# [What is needed]
What you need to produce from the material below is an exact transcription of the lines from the one with "Kolding - Dancamps Kolding City" through the one with "Part 0 - Main image", both included, and no other line.

# [Information supplied]
=-=-=-=-=
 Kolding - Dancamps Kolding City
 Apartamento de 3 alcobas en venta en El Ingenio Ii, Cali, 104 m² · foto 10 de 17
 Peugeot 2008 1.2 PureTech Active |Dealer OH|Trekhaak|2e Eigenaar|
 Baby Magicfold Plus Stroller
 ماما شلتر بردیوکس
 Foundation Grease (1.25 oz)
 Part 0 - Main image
=-=-=-=-=
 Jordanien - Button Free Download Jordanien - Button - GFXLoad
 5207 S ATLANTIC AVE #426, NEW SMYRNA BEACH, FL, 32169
=-=-=-=-=
# [Written answer]
 Kolding - Dancamps Kolding City
 Apartamento de 3 alcobas en venta en El Ingenio Ii, Cali, 104 m² · foto 10 de 17
 Peugeot 2008 1.2 PureTech Active |Dealer OH|Trekhaak|2e Eigenaar|
 Baby Magicfold Plus Stroller
 ماما شلتر بردیوکس
 Foundation Grease (1.25 oz)
 Part 0 - Main image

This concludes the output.